Analyst skills for effective Web analytics

Analyst skills for effective Web analytics2022-02-28T14:24:04-05:00

You’ve invested in Web analytics tools but feel the output from the tools is interesting but not truly helpful.  Rest assured you’re not alone.Communication

Many organizations discover the standard reports provided by their Web site analytics tools provide interesting high level information and lots of detailed drilldown capability but there’s a gap between “data” and “insight”.  They find custom-designed reports and targeted analyses are necessary so that:

  • Key reports or dashboards flag opportunities or issues at a glance.
  • Different, concise reports provide useful insight for different functional departments striving for different goals.
  • Specific key performance indicators (KPIs) are defined to measure progress towards goals.
  • Implications of the numbers are included in timely regular reports.

To be successful, organizations need both quality Web analytic tools and capable Web analysts.  Jupiter Research has found companies that effectively use their Web analytic tools to improve their business have one Web analyst for every 12-15 “individual consumers” of Web analytics.  One individual consumer is one person.  If a Web analyst is trying to meet the needs of 30-40 people, they’re probably mechanically cranking out reports, unable to provide timely dialogue, interpretation and insight to their business partners, which is necessary for improved business decisions and performance.

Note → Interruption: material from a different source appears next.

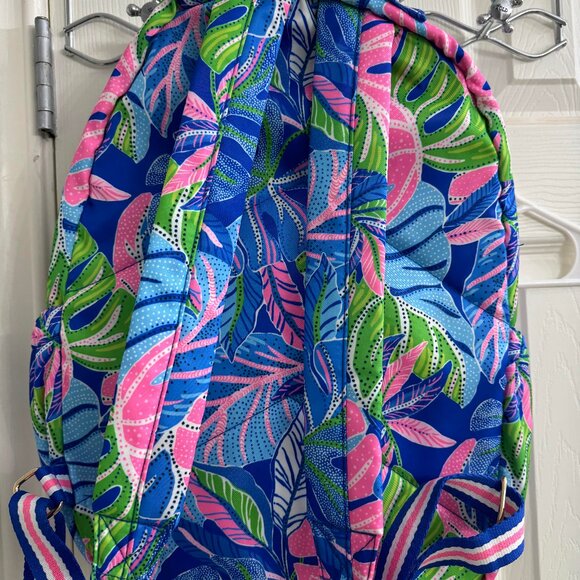 Lilly Pulitzer Backpack - Picture 4 of 5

Effective Web analysts are business analysts, not Web technology specialists.  They have to be able to integrate Web traffic insights with other sources of Web visitor information, such as surveys or transactional database information.  To trigger meaningful changes from the insights gained from Internet data, they have to be able to help marketing, sales or service people properly interpret visitor behaviour, design new performance measurement programs, and build effective business cases for change.

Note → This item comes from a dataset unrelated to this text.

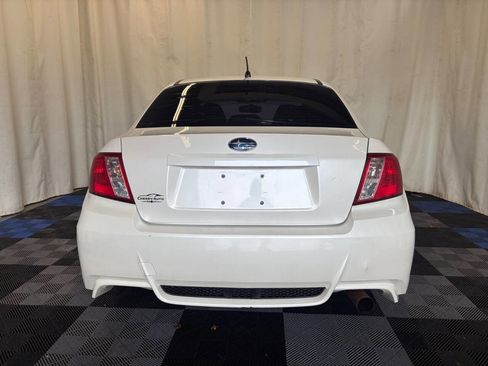 Used 2013 Subaru Impreza WRX Sedan AWD/4WD image 7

What makes a good Web analyst?  A Web analyst is a business person first, analyst second, technology person third.  An effective Web analyst:

  • Is an experienced business person with a broad understanding of the organization and its business.
  • Willing and able to learn about new areas of business, new research techniques and new technology.
  • Understands the technical aspects of the Web sufficiently to increase the mutual understanding between business and technology groups, so that they work more effectively together to leverage Web analytic data.
  • Understands statistics and market research to be able interpret Web traffic data and responsibly integrate market research findings from surveys, usability studies and interviews.
  • Must be comfortable working with detailed and diverse sources of data and capable of effectively summarizing and presenting information.
  • Effectively communicates upwards with senior management as well as laterally with functional marketing, sales, service and technology groups.  Provides just the right amount of information with appropriate, relevant interpretation.
  • Thrives on being a manager of change, facilitating conflicting objectives, resources and viewpoints.
  • Has sufficient influence to encourage a supportive learning culture because:
    • Results from Web analytic data will not always be positive.
    • Web analytics flounders when numbers are used to punish past ignorance.
    • Web analytics flourishes in environments that celebrate new learning.

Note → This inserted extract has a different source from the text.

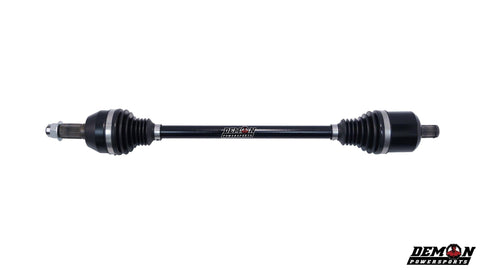 Demon Powersports RZR XP 1000 Axles [#29332 var] (Stock)(DEMON HEAVY DUTY)(Rear Axels)(2014-2019)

Where do I find a Web analyst?  If you have the opportunity, the best place to look for a person is within your own organization.  Grow your own Web analyst from the areas of marketing, sales or business analysis.  Organizational knowledge is more important than technical knowledge.  Online Web analytics training courses are now available through the University of British Columbia.  Any knowledge specific of a particular Web analytics tool can be acquired through a training course or consulting contract with your analytics tool vendor.  Outsourcing can help bridge the knowledge resource gap for requirements analysis, KPI definitions, report construction or ramp-up training.

If you have to hire, hire a business person with proven capability to challenge the status quo and effectively implement change; someone who thrives on data, loves problem-solving and is energized by continuous learning.